The socks get separated as socks do. So they come out of the dryer and go into the sock basket. At the top of the basket are the easy matches: the little socks of Lib's that have the rubberized size and brand labels on their underside; Henry's identifiable matches - gray heels and an orange label; Maddie's colorful boot hose. But below the surface rest the old socks. The tough matches. These are the various white and black socks that are just different enough that they require some work to match. The tub is big too. It must have some unmatched socks that go back two years. The task of matching socks is a momentous one that no one wants. It is emblematic of the hundreds of ugly tasks we all have encountered that are left unassigned and so undone. But the tasks are there. They sit in the otherwise clean surroundings, getting uglier as things around them get better.
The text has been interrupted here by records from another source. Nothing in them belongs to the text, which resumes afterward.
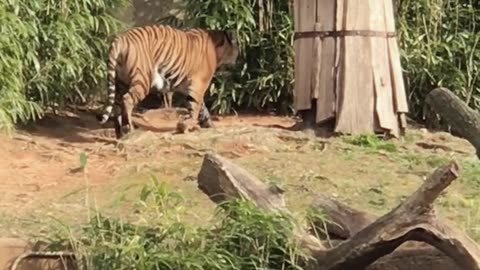 Aggressive tiger started exercising by roaming around in the zoo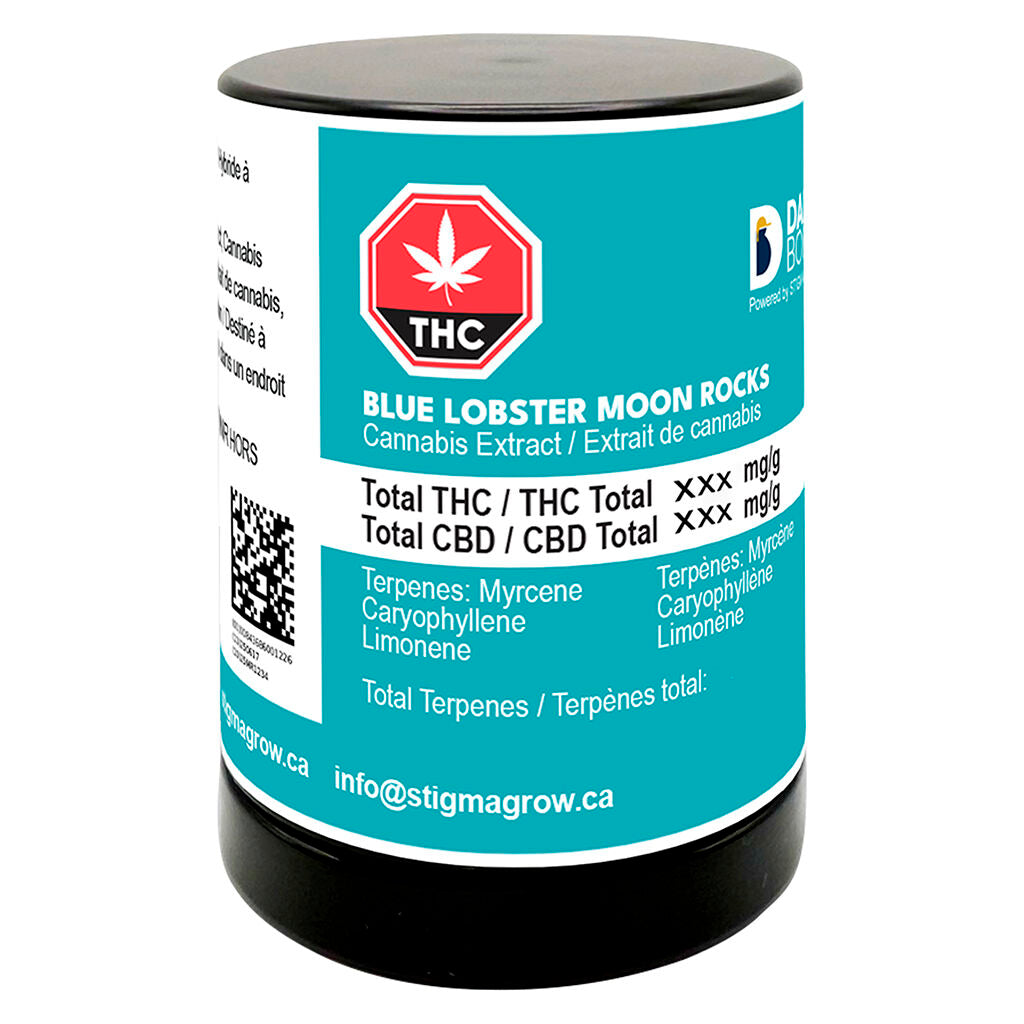 Dab Bods Blue Lobster Moon Rocks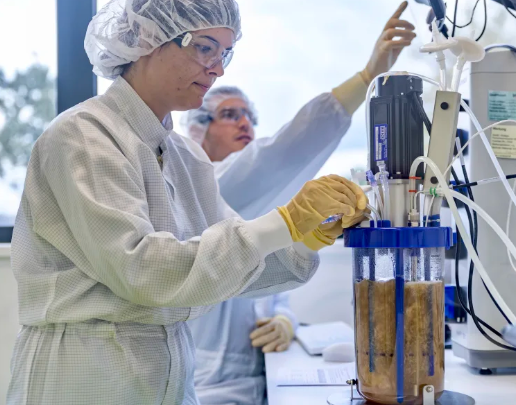 Biomay Austria: Scalable environmental monitoring with testo Saveris 1 2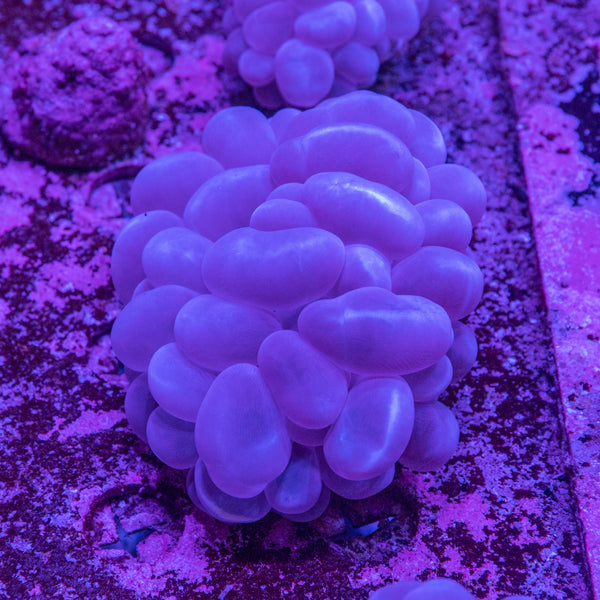 Bubble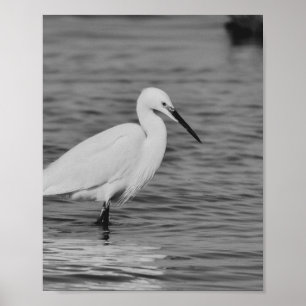 Poster Héron noir et blanc Tropical Printable Art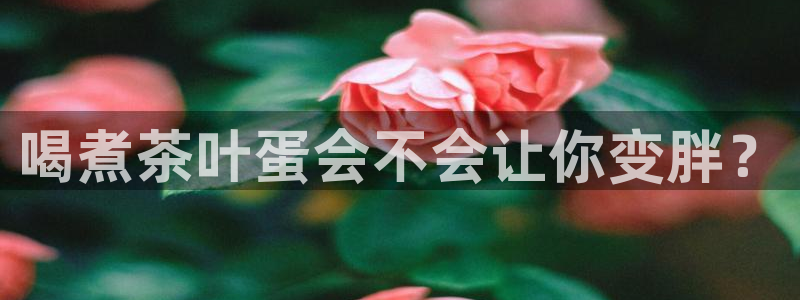 金年会活动策划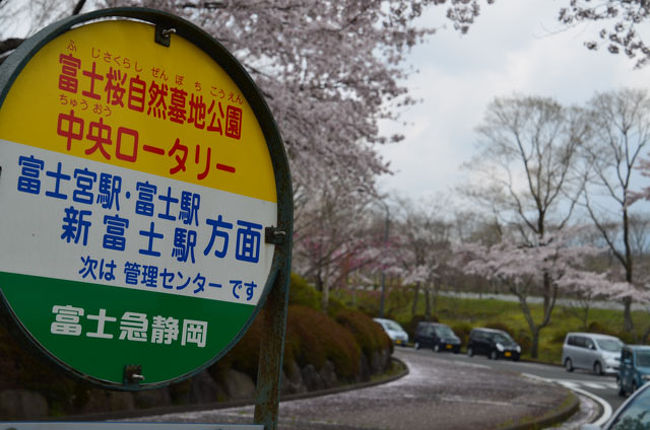 富士桜自然墓地公園 17 04 22 富士宮 静岡県 の旅行記 ブログ By てんとう虫さん フォートラベル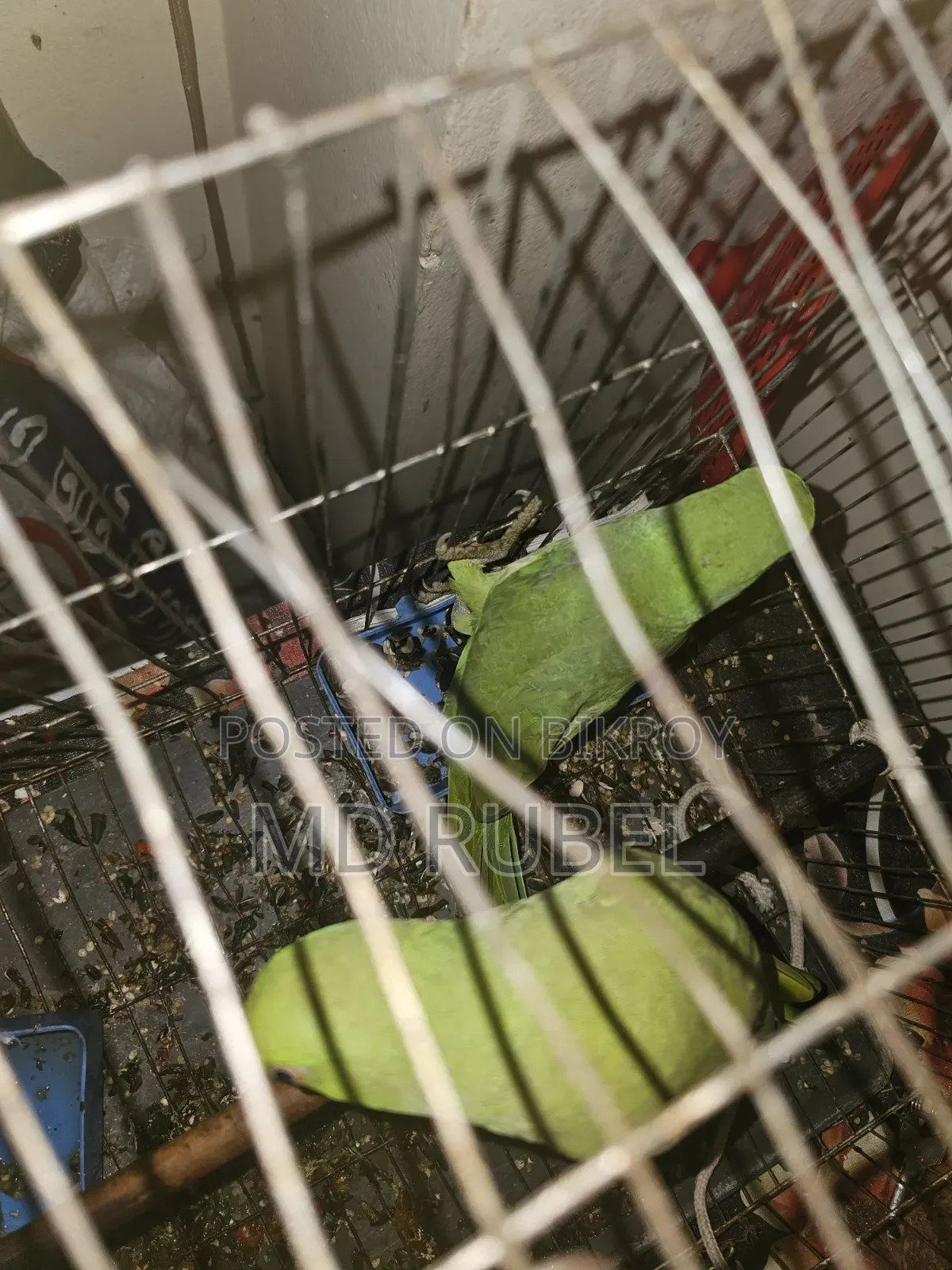 Indian Ringneck Parrot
Saturday night I tackled the basket. Two movies worth of work. Halfway through, Henry jumped in. In the end, we dispatched the matches to the appropriate rooms and dressers. That left at least one hundred unmatched socks. Those went to the trash. My thinking is that we have plenty of matched socks. I am starting fresh. It feels good. I slept well Saturday night.


Get a lot of sock clips and try to persuade everyone to use them. Even if no one else uses them, your own sock will always be together. You'll feel good and sleep well every night.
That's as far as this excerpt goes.